Swanitz was surprised to learn the same wasn’t happening in the Valley. That, he believes, is because usually the same group of core parents follow their students from kindergarten right up through high school. At Santa Ynez, the parents at the high school come from all different districts and don’t have a history of working together.

“What we do have in common is that we all want the kids in the Valley to have the best education possible,” Swanitz said. That so many people showed up for the initial meeting confirms his belief that parents are ready and willing to work together to make it happen.

“We are on the right path, and this is just the start of what will be a massive collaboration,” Swanitz told the group. The group is tentatively planning to meet next spring during the Valley wide teacher’s conference.

The following morning, incoming freshmen stormed the campus with their elder classmen ready to provide tours, dole out advice and ease the terror sometimes associated with the first day of high school.

“It’s a little confusing because they’re not really in order,” said one guide to her group as they approached the portable classrooms. “But it’s OK. It’s not too hard to find your way.”

Tours were also given to parents of freshmen, who were treated to an entirely separate orientation process. Like their students, they had lots of questions, many focusing on how to assist their children without embarrassing them. Zoe Callahan, to the nodding smiles of friends Tristan Jackson and Daria Layva, said that her mom is sometimes full of “weird advice which is pretty random” and not all that helpful. Zoe was a little worried about not being able to find her classes the first few days – but that was before the tour.

The trio suspect their parents had feelings not too dissimilar from their own and were prepared for obligatory first day of school photos and perhaps a tear or two from the moms before being sent off for their initial day as Pirates.

The young men in the group were also a bit reticent about being thrown into their new environment, but were hoping to find a community of peers a bit more mature than the junior high crowd they left behind.

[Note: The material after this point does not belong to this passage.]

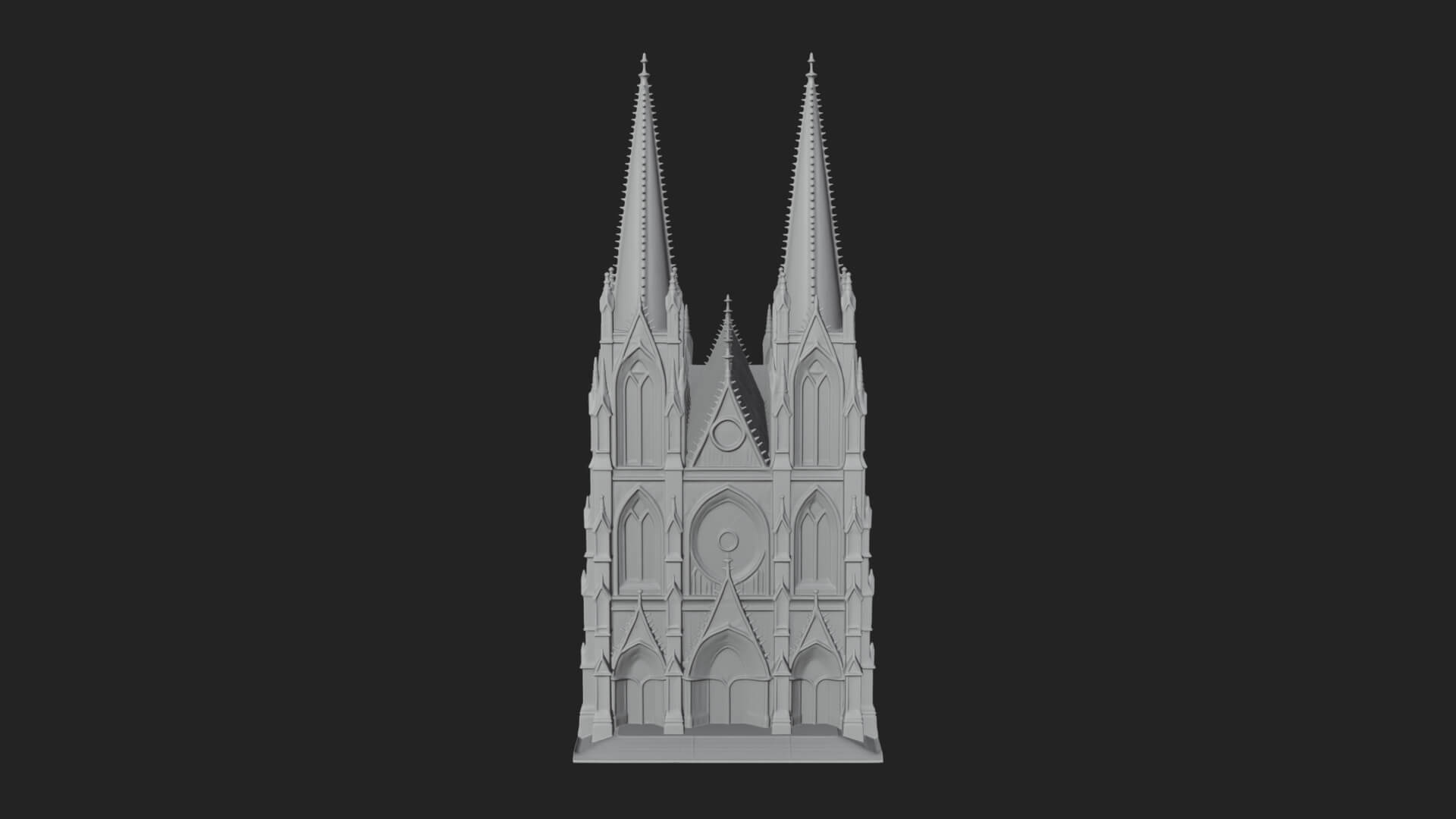 Gothic Cathedral Tower Model Design 7 3D Print Model 3D Model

That new peer group will include 30 students from Denmark’s Niels Brock Copenhagen Business College who will be on campus for the fall semester. The group was officially welcomed by the city of Solvang on Aug. 13.

Telling the group of mostly 16-year-olds that there was a misprint in the program, Solvang Mayor Richardson said, “My name is Jim, and I want you to call me that whenever you see me.”

Paul Hanberg – both a long-time Valley resident and a Niels Brock graduate – shared his experiences and spoke of the value their education here is likely to yield.

Superintendent Paul Turnbull – noting “no good thing is done without many, many hands” – explained the caliber of education that the high school provides. Just because the school is considered among the top both statewide and nationally, doesn’t mean they can stop striving to bring new things into the mix.

He challenged the foreign attendees to be the next great step forward for the school. Steingrimur “Stein” Jonsson – who hails from Iceland – is game.”I am most looking forward to meeting the students,” he said. While they have a lot in common, they will also have a lot of new things to share.

Like Steingrimur, Frida Büchert said her parents are very supportive of her sojourn to “sunny fields” (Solvang in translation). She was eager to begin her studies both academically and socially.

All of the students are fluent in English, are paying housing and tuition and will return to Denmark in December.